I can’t help but continue to ruminate on my interaction with El Al Israel Airlines as noted in my previous post on missed marketing opportunities.

It is not that I am angry or even disappointed. I am perplexed that given an opportunity to make a customer for life, instead a key employee chose to lie about an interaction rather than to stand by her decision.

I noted that I sat down with the two top executives of the airline to tell them my story and to see if they might act differently than one of their key employees in the New York office, no doubt the company’s largest office.

While I was sitting with two top executives, Sheryl Stein interrupted us in a very annoyed tone and stated that she had had five conversations with me about the situation and that it had happened 4 or 5 years ago and that I could not keep asking people the same question looking for a different answer.
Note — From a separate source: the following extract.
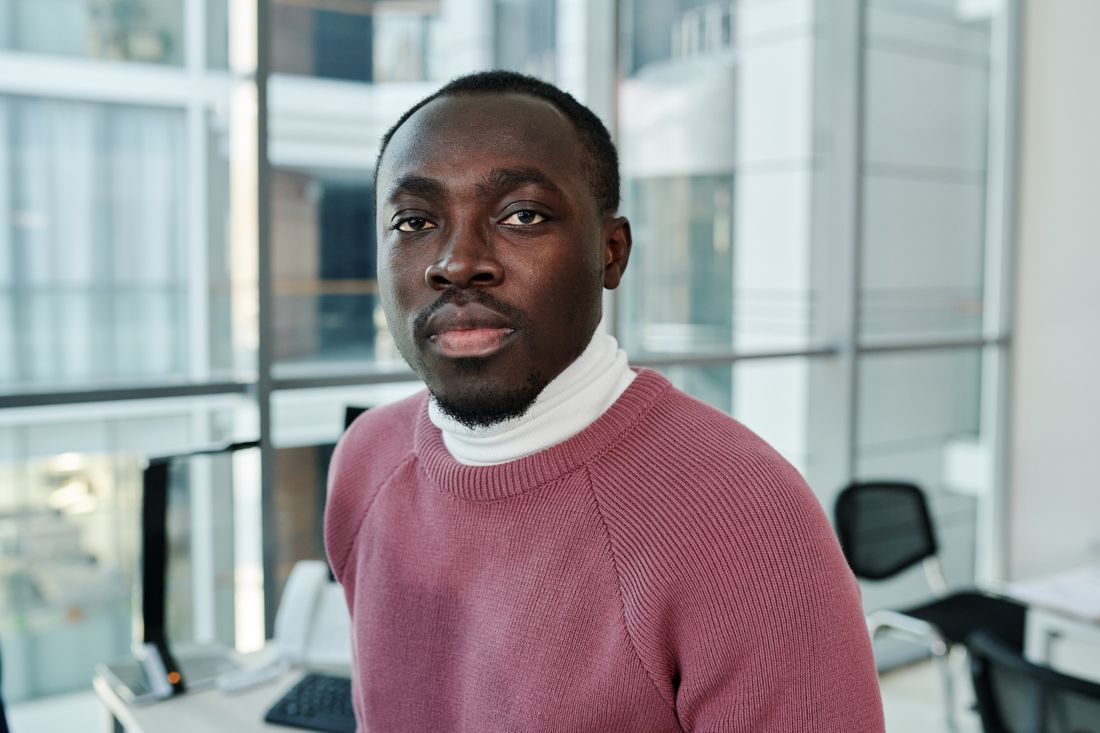 A close portrait of a man in a business-casual sweater in a bright office, looking directly at the camera with an approachable expression.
Of course that begs several questions.

If Sheryl Stein, one of the top managers at El Al’s largest office in New York was so confident that she made the right call, then why would she interrupt a meeting between her boss and a customer? Why did she feel the need to lie about how long ago the contest had been or about how many times she had spoken to me about it? Why did she feel the need to try to undermine my credibility, the credibility of a customer, at the ultimate expense of her own?
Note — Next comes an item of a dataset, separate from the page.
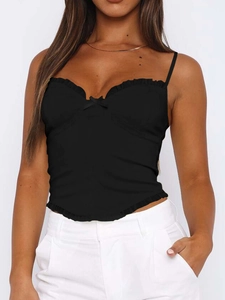 Detail of black Y2K camisole top featuring ruffled edges and delicate bow tie detail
Of course defensiveness is a fairly natural reaction when we are attacked. It comes from the reptilian brain, not a conscious place committed to growth. It is certainly not a healthy response if we want to get better at our jobs or become better human beings.
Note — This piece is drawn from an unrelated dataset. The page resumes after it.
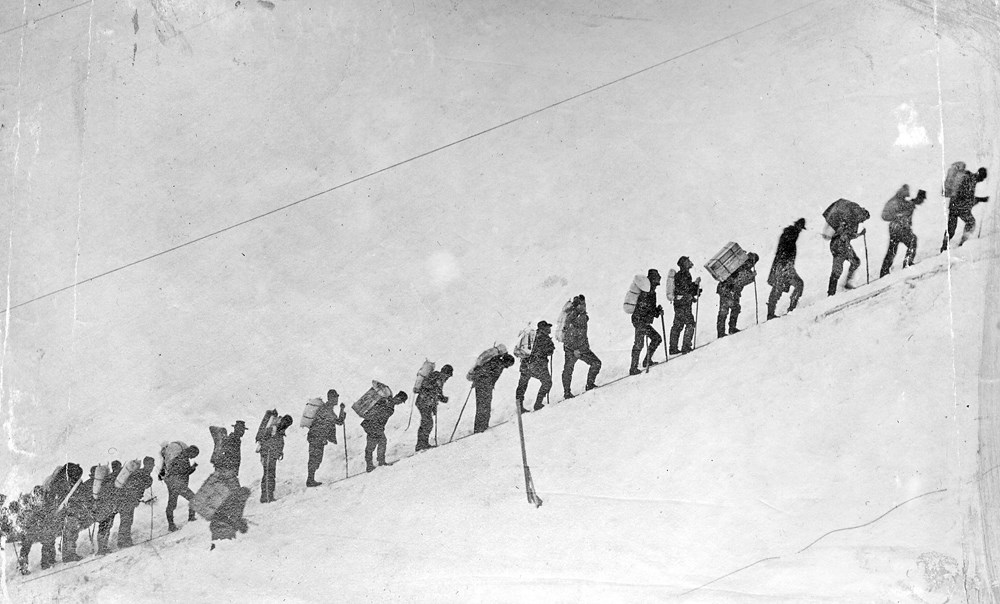 People with gear on their backs stand in a single file line headed uphill with a snowy backdrop.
I suspect what was going on with Sheryl Stein at El Al is that she was afraid of her bosses hearing from a customer who was less than pleased with her business decision. But if it was a good decision, then why the fear? If she had done a good job, then why not let the customer tell the boss who would confirm that she did a good job? In fact, that is what ultimately happened. Unfortunately for her, she compromised her integrity for fear that he would not.

Of course the real question is not what she was trying to hide from her bosses, that is her problem. The real question is what we can learn from her. The Bible has stories of good and bad, so that we may learn from both. I don’t have any employees right now, so I am less worried about what they hiding from me in my business than in how I might be stunting my own growth at times out of fear.

So what are your employees trying to hide from you and what are you doing out of fear rather than out of a commitment to growth? Finally I suspect there are some bosses who might value Sheryl’s “protecting” them from customers. What do you think?